What is required
In the material below, the lines from the one containing "6852 W TURQUOISE Avenue, Peoria, AZ 85345" through the one containing "Rumah Komplek Fullfurnish 3 tingkat medan" are to be given again exactly, ends included, and no others.

Provided records
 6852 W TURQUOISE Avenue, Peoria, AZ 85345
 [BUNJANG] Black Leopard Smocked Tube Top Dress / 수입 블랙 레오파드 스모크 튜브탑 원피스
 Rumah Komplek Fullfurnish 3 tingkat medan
...
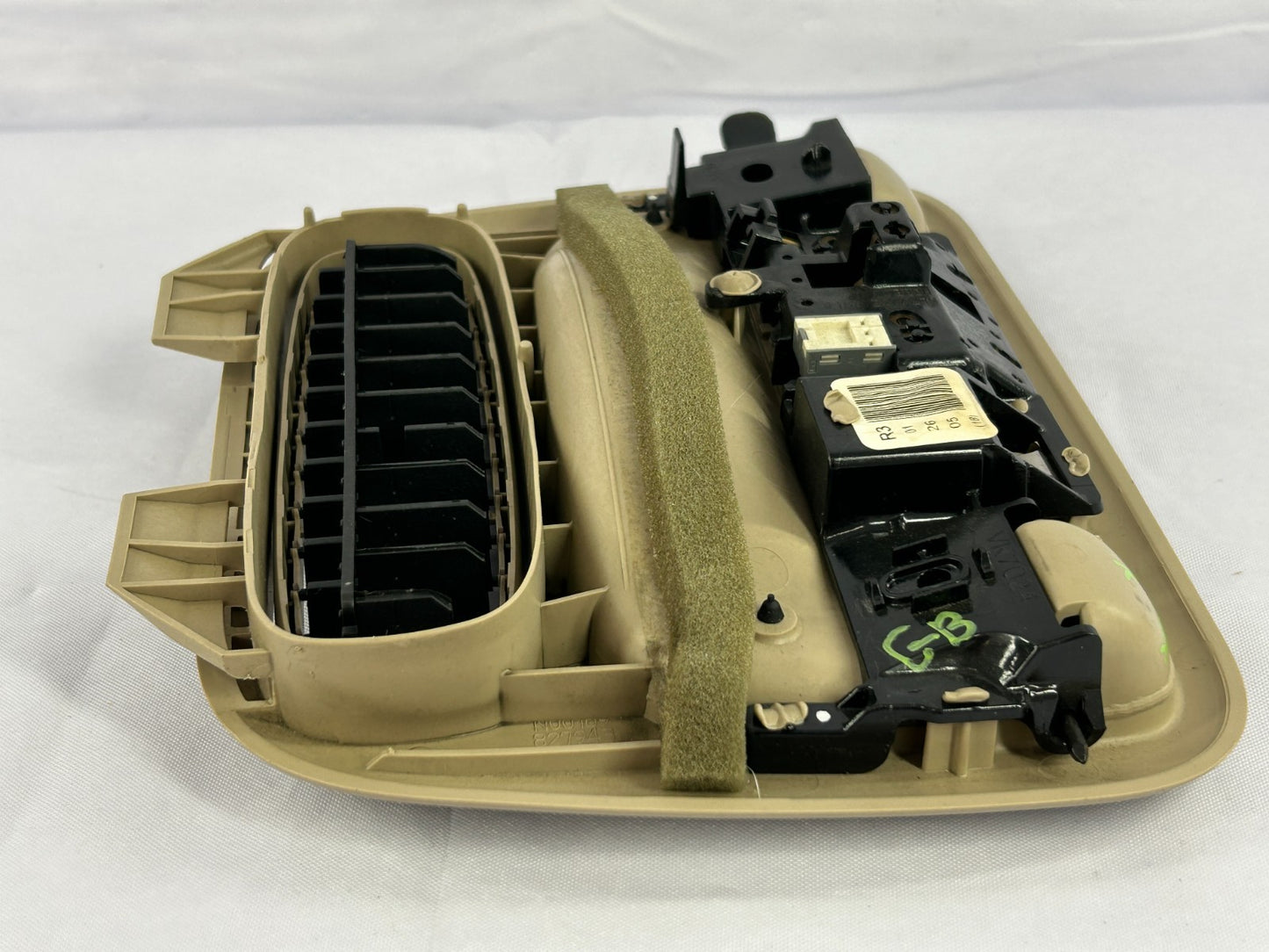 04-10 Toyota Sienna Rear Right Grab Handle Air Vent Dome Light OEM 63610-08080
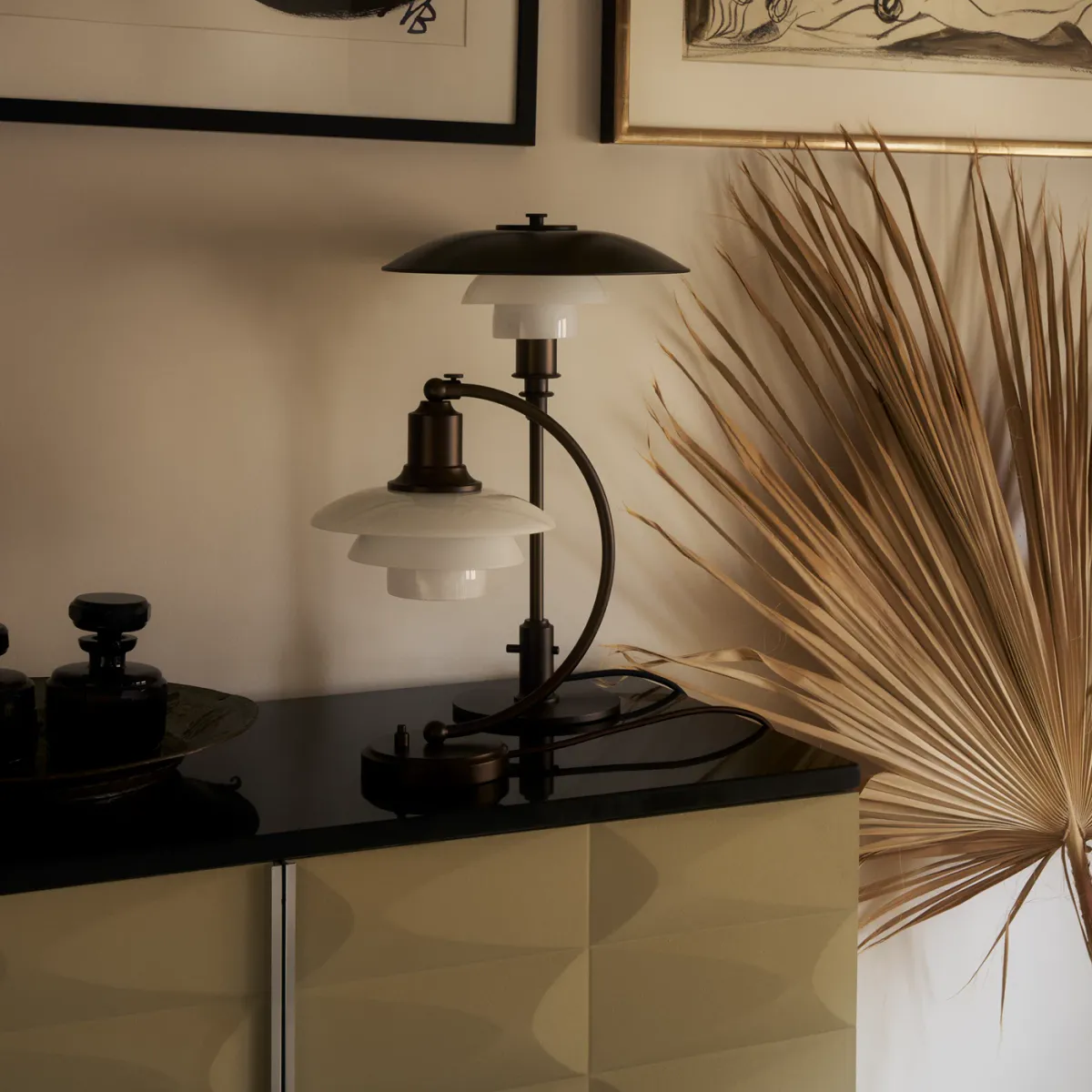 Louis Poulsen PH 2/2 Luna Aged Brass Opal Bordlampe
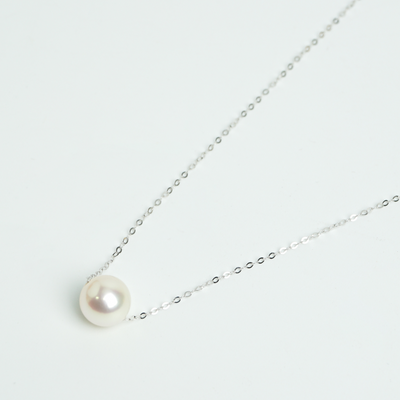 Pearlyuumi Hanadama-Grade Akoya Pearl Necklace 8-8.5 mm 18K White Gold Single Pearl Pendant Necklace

Answer for this exercise
 6852 W TURQUOISE Avenue, Peoria, AZ 85345
 [BUNJANG] Black Leopard Smocked Tube Top Dress / 수입 블랙 레오파드 스모크 튜브탑 원피스
 Rumah Komplek Fullfurnish 3 tingkat medan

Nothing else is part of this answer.